日本で古くから受け継がれている伝統行事の中に「節分」があります。季節の変わり目となる節分には豆まきを行いますが、節分や豆まきの由来については意外と知らない人が多いのではないでしょうか。ここでは、節分とはどういう行事か、豆まきの由来、地域ごとの豆まき、豆まきの楽しみ方などについて紹介します。

節分とはどんな行事?

節分とは、本来季節の節目となる立春、立夏、立秋、立冬の前日のことを指し、年に4回ある行事です。
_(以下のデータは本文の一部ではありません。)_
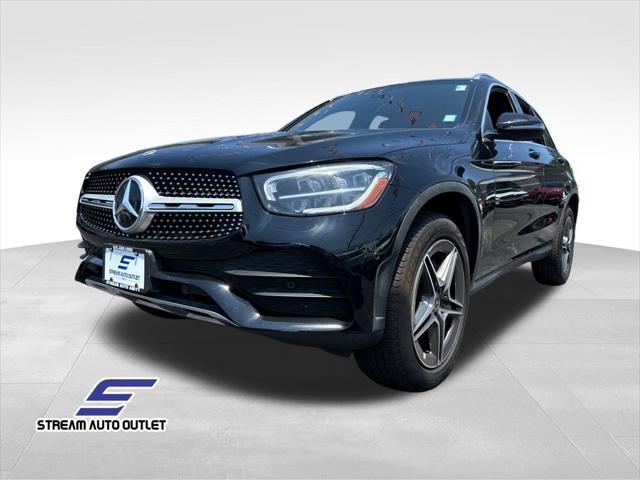 used 2021 Mercedes-Benz GLC 300 car, priced at $27,990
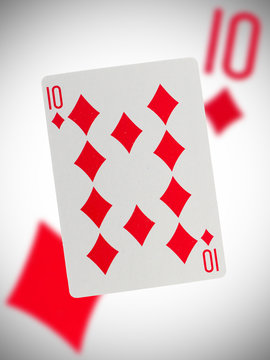Playing card, ten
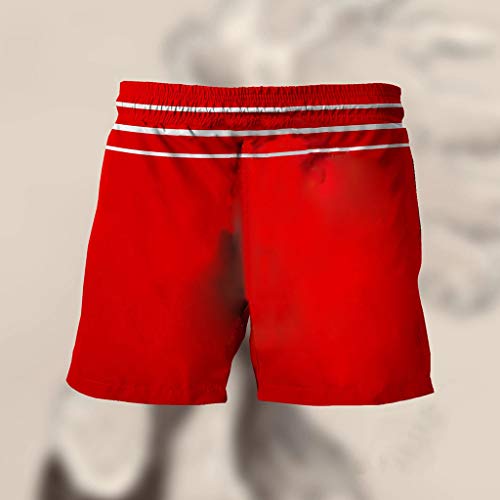 Men's Funny Rooster Swim Trunks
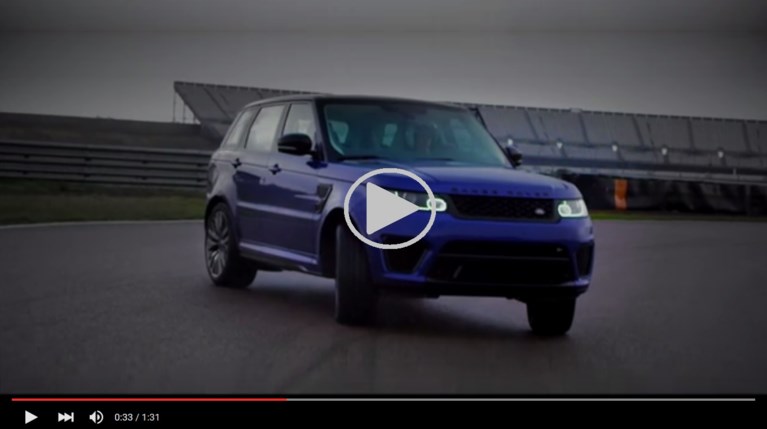 VIDEO: Τι γυρεύει ένα χλιδάτο SUV στην πίστα;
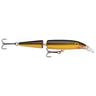 Rapala Jointed Hard Jerkbait - Gold, 5/8oz, 5-1/4in, 4-14ft - Gold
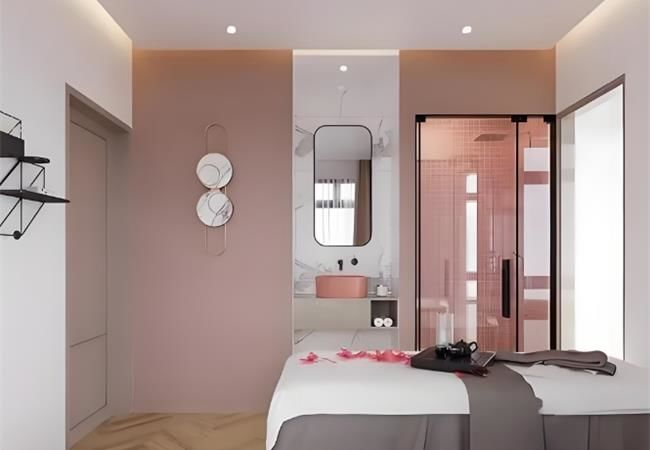 美到心間的，合肥美容店空間裝修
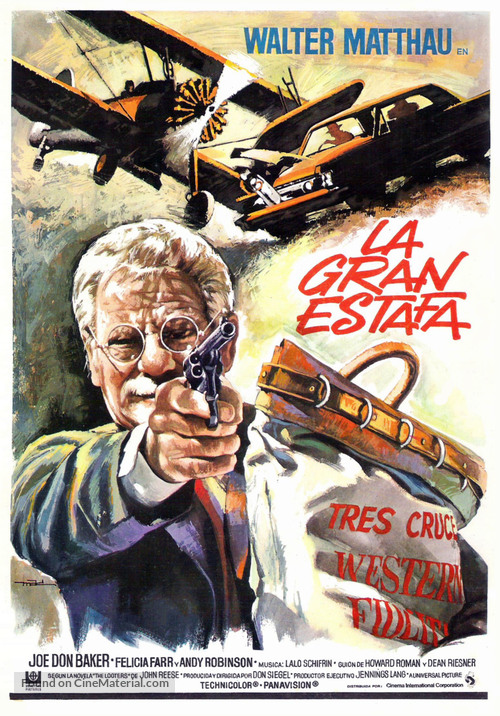 Charley Varrick - Spanish Movie Poster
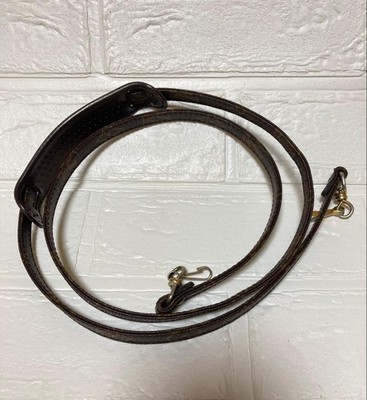 Louis Vuitton Monogram Shoulder Strap with Shoulder Pad Approximately 129cm From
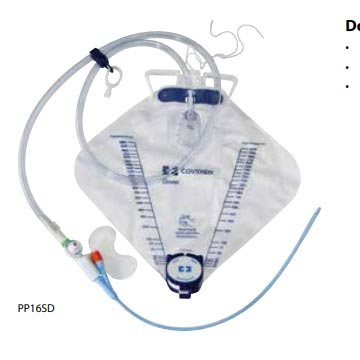 Dover Premium Silicone Foley Drainage Bag Trays - Main image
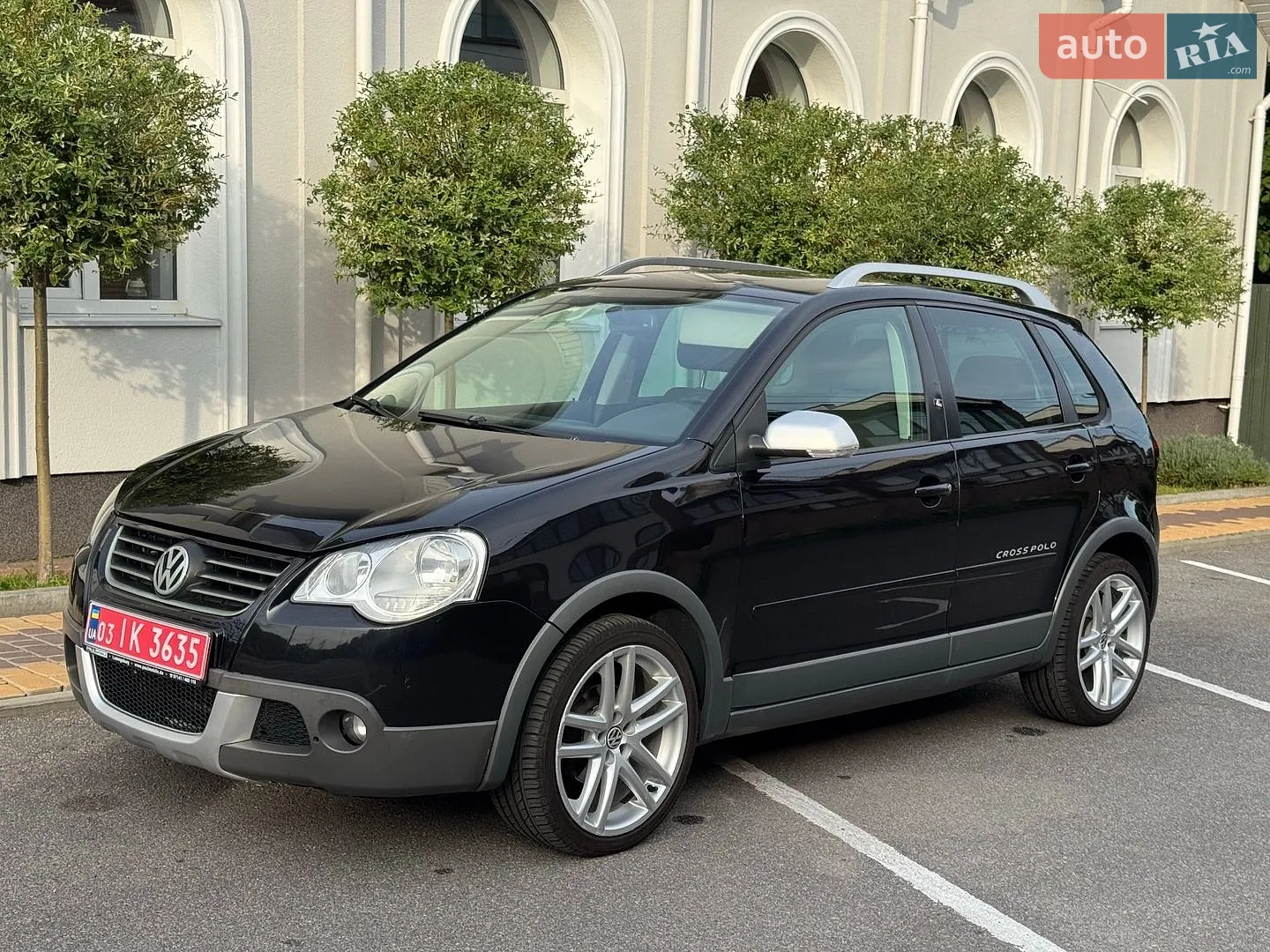 Volkswagen Cross Polo, 2009
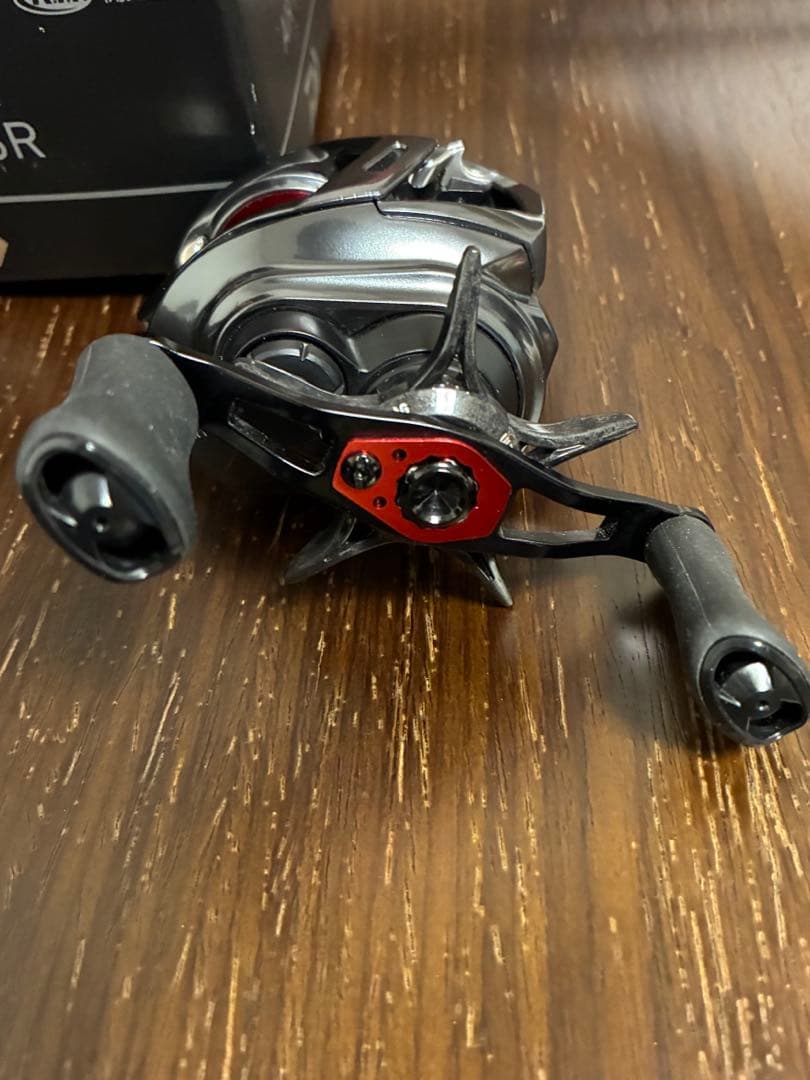 ダイワ アルファス AIR TW 8.6R 右 ベアリング、ドラグクリッカー追加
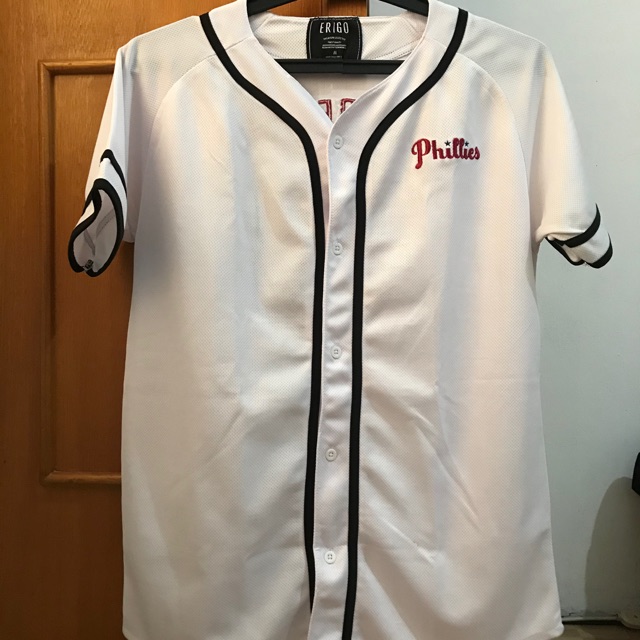 [PRELOVED] KAOS / BAJU BASEBALL / BASEBALL SHIRT ERIGO STORE SIZE M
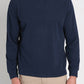 Jachs New York - Bryant Long Sleeve Sueded Cotton Crewneck Shirt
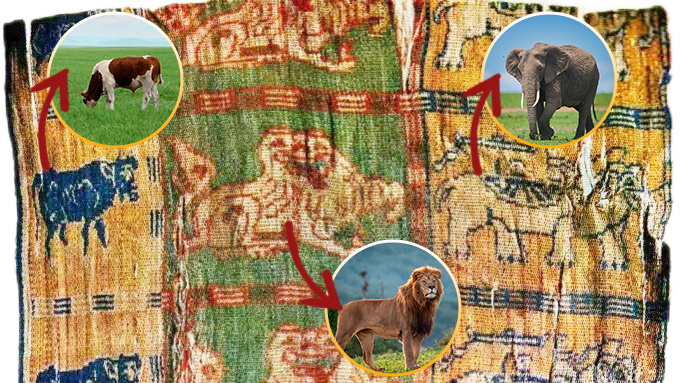 文博日歷丨三種文化符號(hào)“同框” 見證跨越千年的絲綢之路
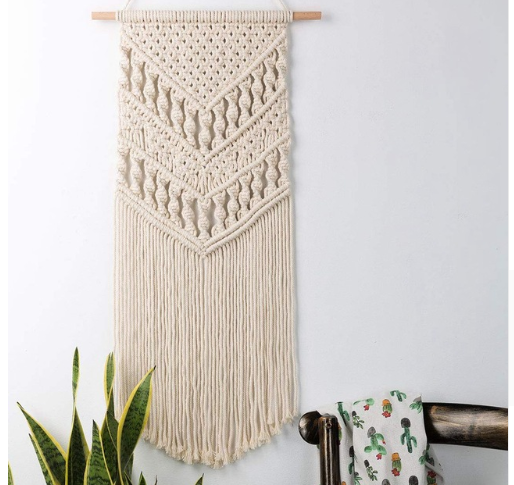 Bohemian Handmade Woven Wall Hanging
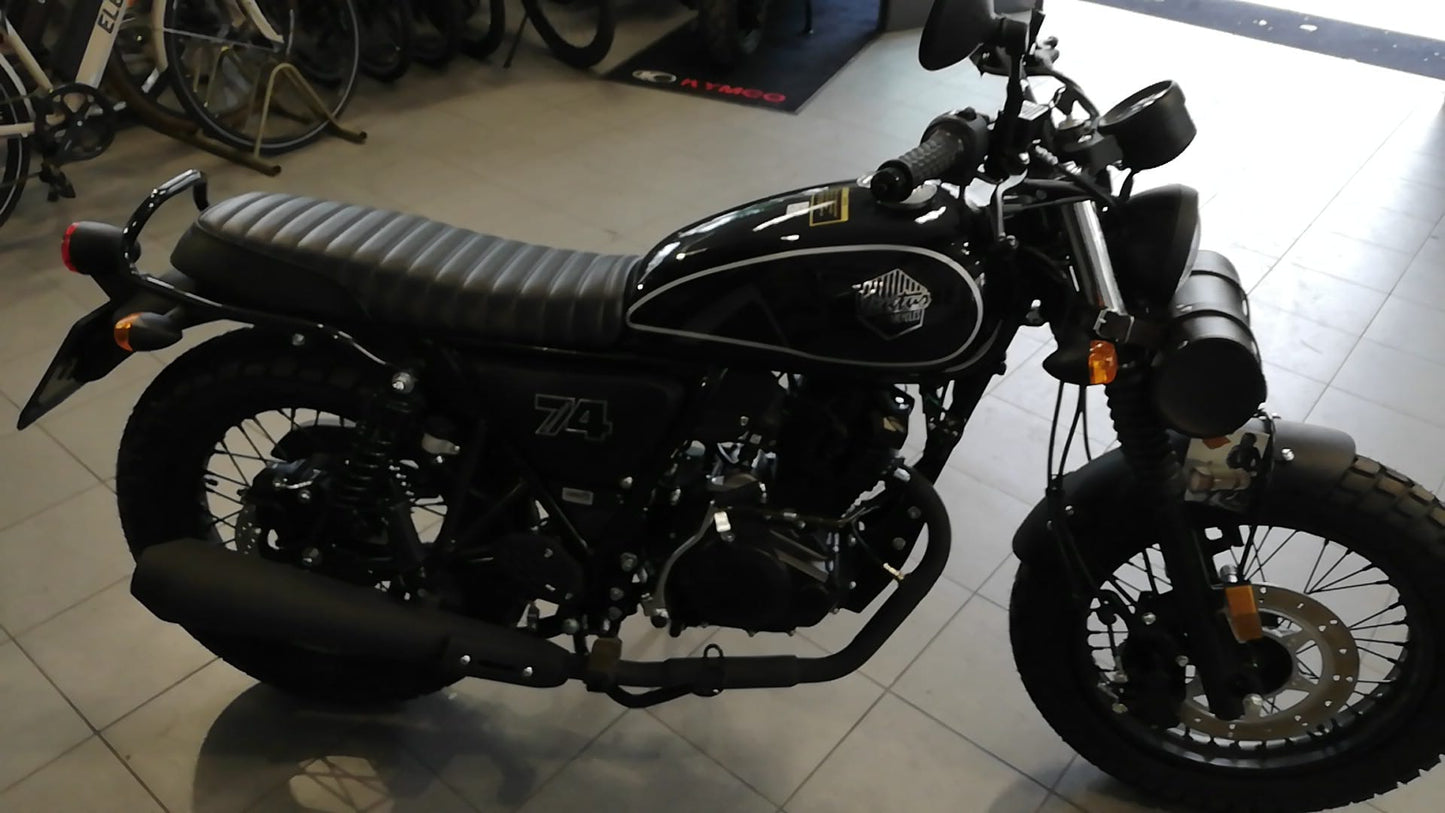 Archive Motorcycle AM 64 125 Scrambler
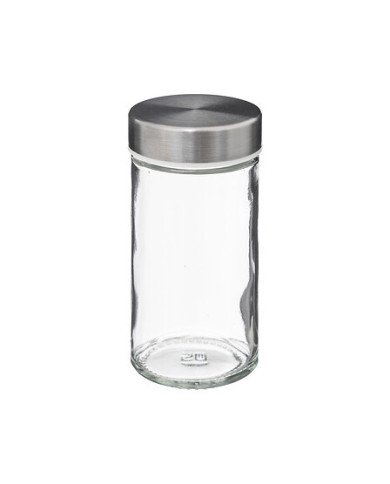 Rack rotatif 12 pots à épices inox bambou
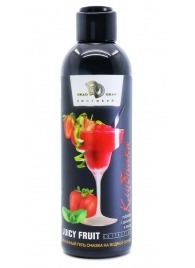 Интимный гель-смазка JUICY FRUIT с ароматом клубники - 200 мл. - БиоМед - купить с доставкой в Златоусте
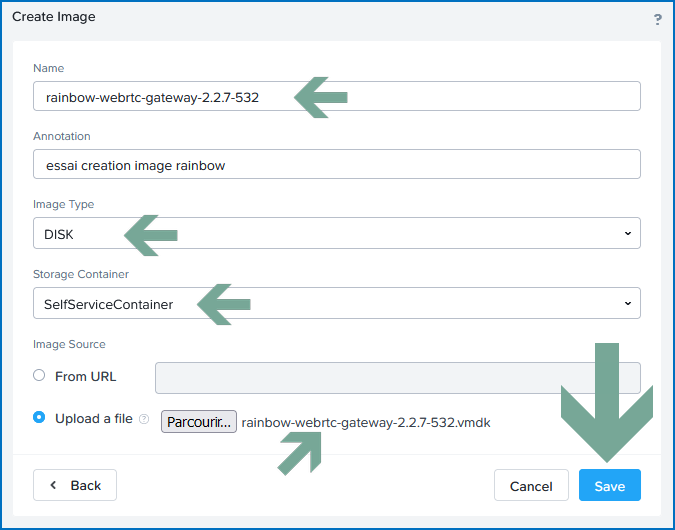 Voip Calling Webrtc Gateway Installation On Nutanix Rainbow Help Center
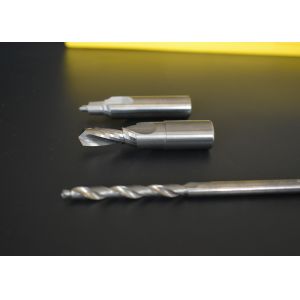 Tungsten Carbide Step Drill Bits For MDF Wood Drilling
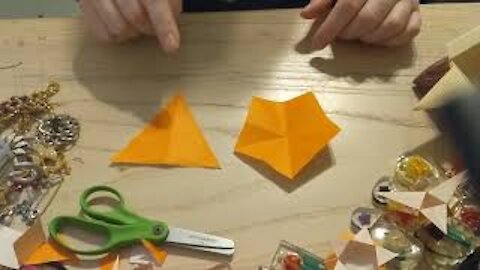How to Get a Triangle or Pentagon from a Square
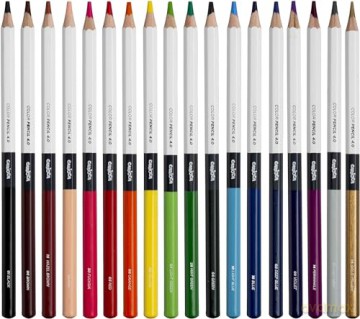 Carioca Plus - Colored pencils 4mm, 18 pcs (809306)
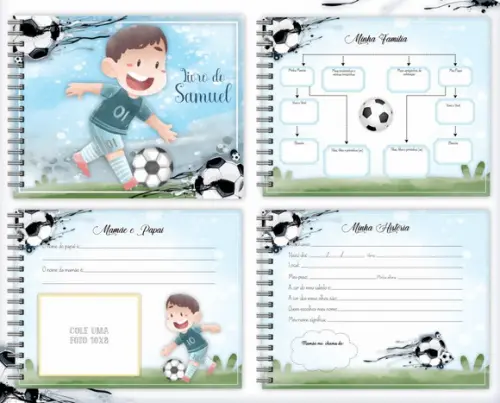 Livro do Bebê 2 -Futebol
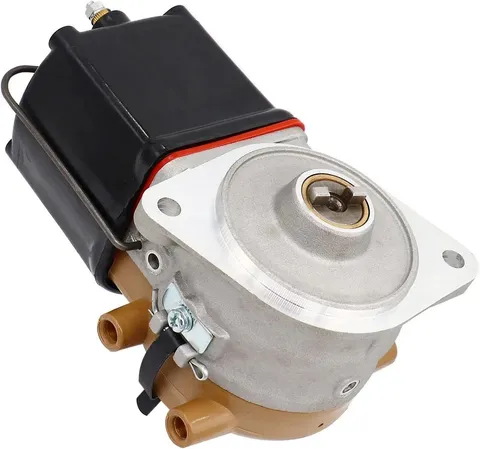 Distributor with 12v Ignition Coil Compatible with Ford Tractor 8N 9N 2N 4cyl...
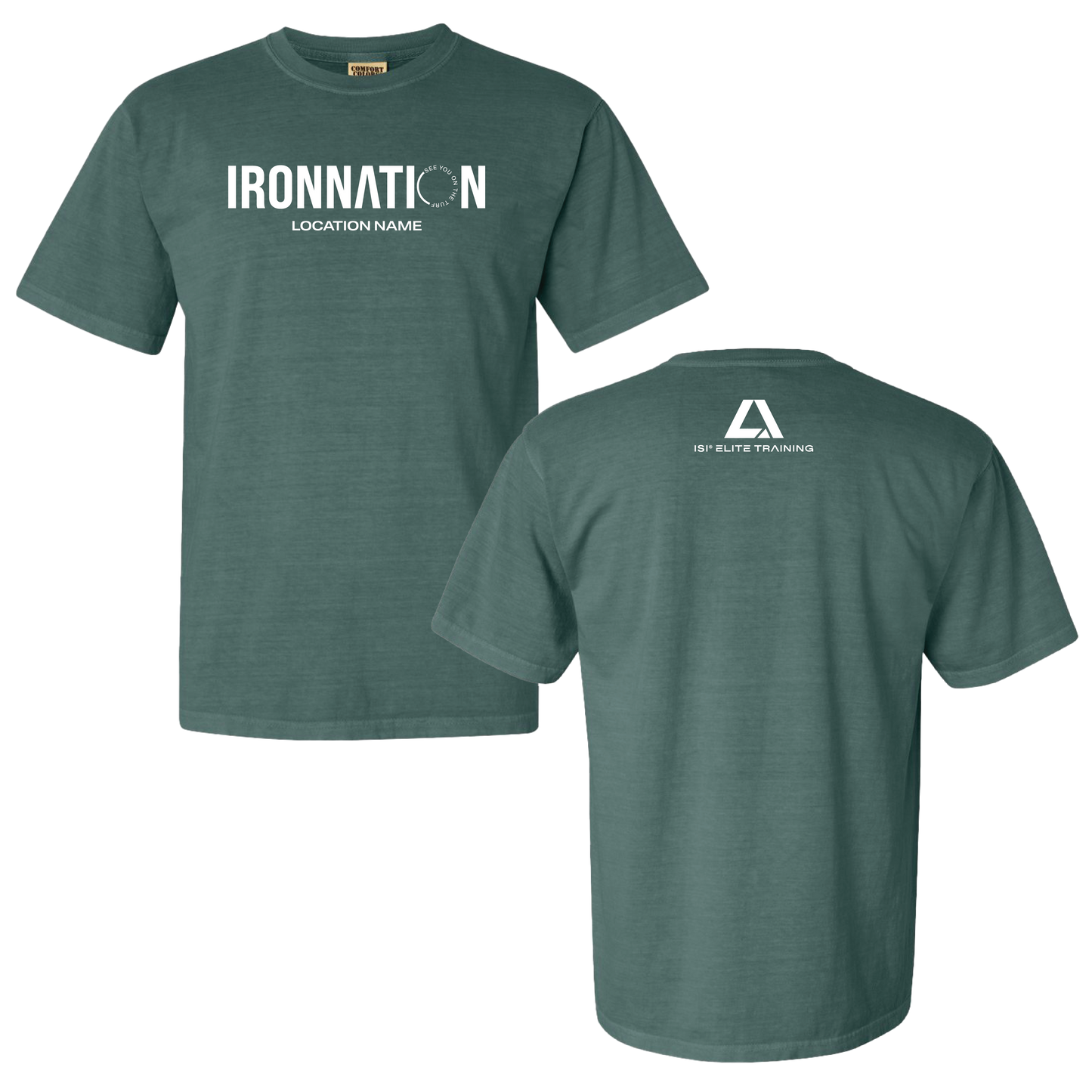 ISI ELITE - IRONNATION TURF CUSTOMS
しかし、旧暦においては新しい年は春に始まったため、立春の前日の節目である2月3日頃がとても大切な日として考えられていました。そのため、節分といえば立春前日の日を指すようになったといわれています。古来日本では、季節の節目や新しい年を迎えるときには邪気が入りやすいと考えられており、いろいろな邪気祓いの行事が行われてきました。節分といえば豆まきですが、この豆まきも邪気祓いの行事の一つなのです。

また、邪気の象徴とされる鬼を追い払う目的で、節分には鰯の頭を焼いたものと柊の枝を玄関先に取りつける習慣もあります。これは、鬼が鰯の生臭い臭いと柊のトゲを苦手とすることから考えられたもので、「柊刺し」「焼嗅(やいかがし)」「柊鰯」「鰯柊」などとも呼ばれています。

豆まきの由来とは?

豆まきの由来は、もともと古代中国で行われていた「追儺(ついな)」と呼ばれる邪気祓いの行事だといわれています。追儺は桃の木で作った弓矢で鬼を追い払う行事で、毎年大晦日に行われていました。この行事が奈良時代に日本に伝わり、平安時代には宮中行事の一つに取り入れられます。元は「豆打ち」と呼ばれていた行事が「豆まき」と呼ばれるようになり、江戸時代に入ると瞬く間に庶民の間に広まりました。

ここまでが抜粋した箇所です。